┌─ INPUT FOR THIS TASK

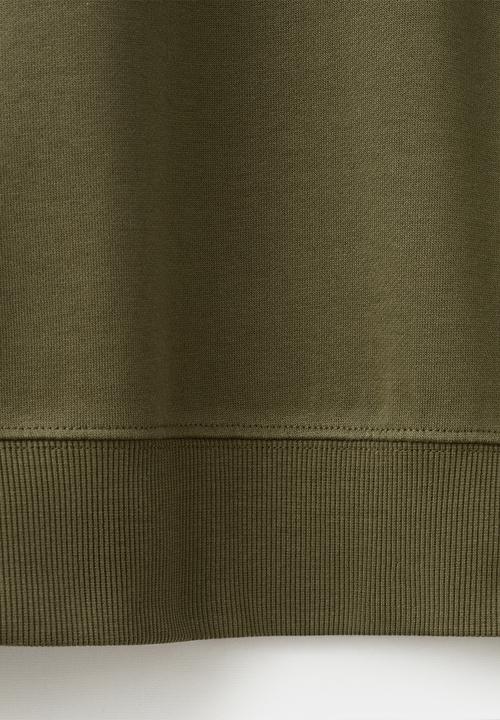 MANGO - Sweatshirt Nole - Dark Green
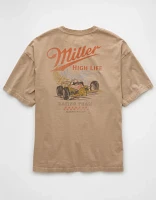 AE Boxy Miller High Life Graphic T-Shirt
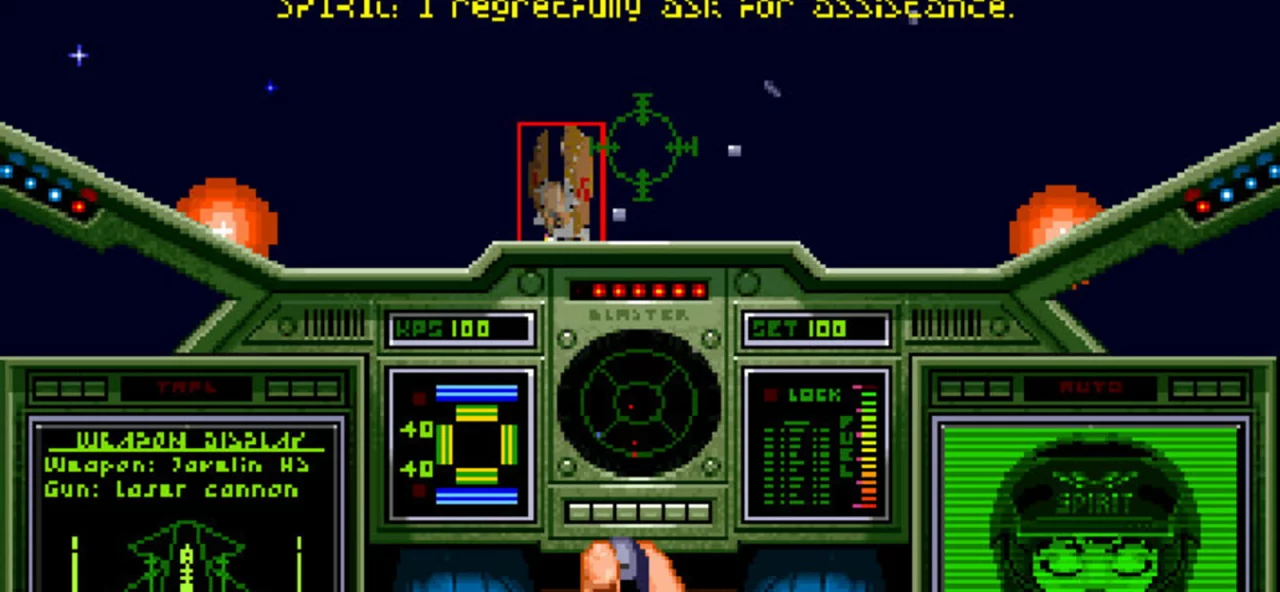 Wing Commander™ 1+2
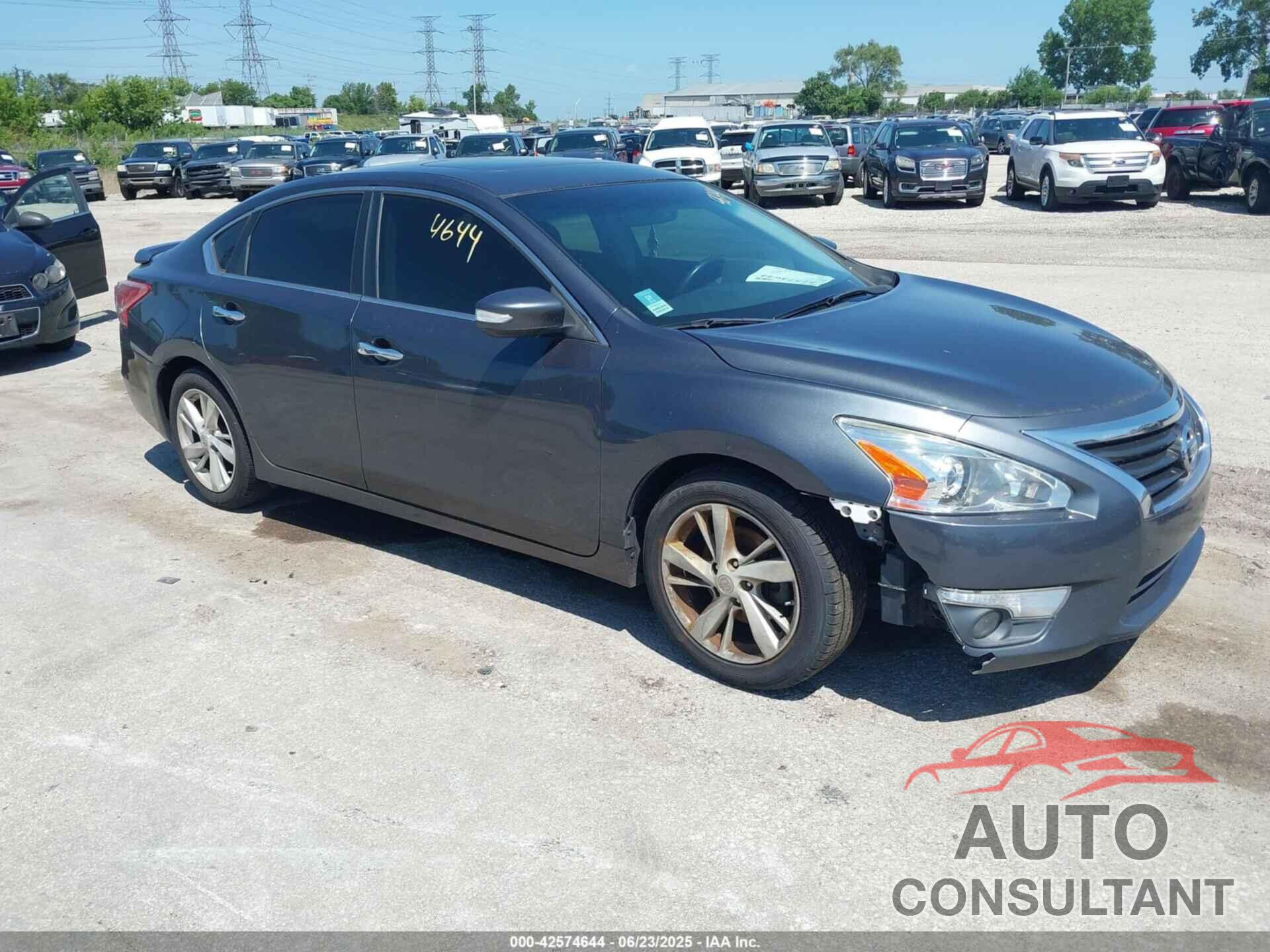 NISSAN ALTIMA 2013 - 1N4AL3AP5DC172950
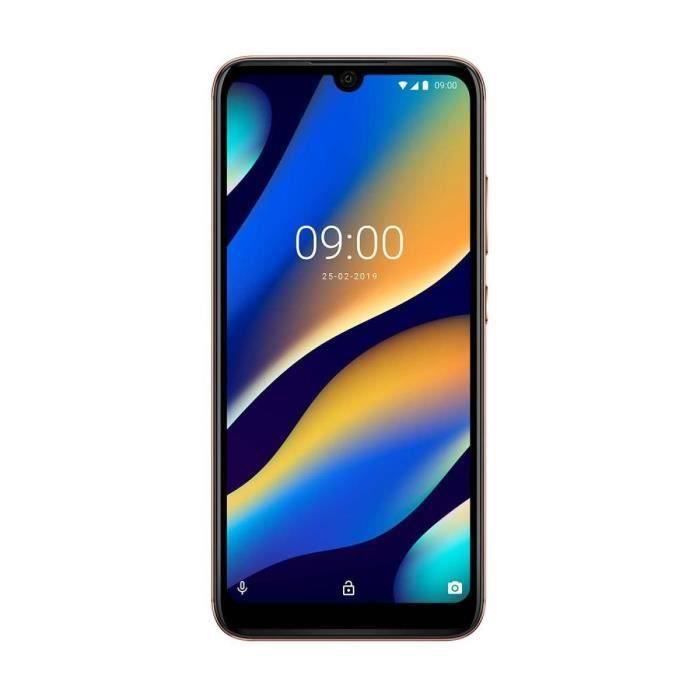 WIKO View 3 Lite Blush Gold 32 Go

└─

ASSIGNMENT:
Write out all the records again, exactly, minus any pictures.

SOLUTION:
 MANGO - Sweatshirt Nole - Dark Green
 AE Boxy Miller High Life Graphic T-Shirt
 Wing Commander™ 1+2
 NISSAN ALTIMA 2013 - 1N4AL3AP5DC172950
 WIKO View 3 Lite Blush Gold 32 Go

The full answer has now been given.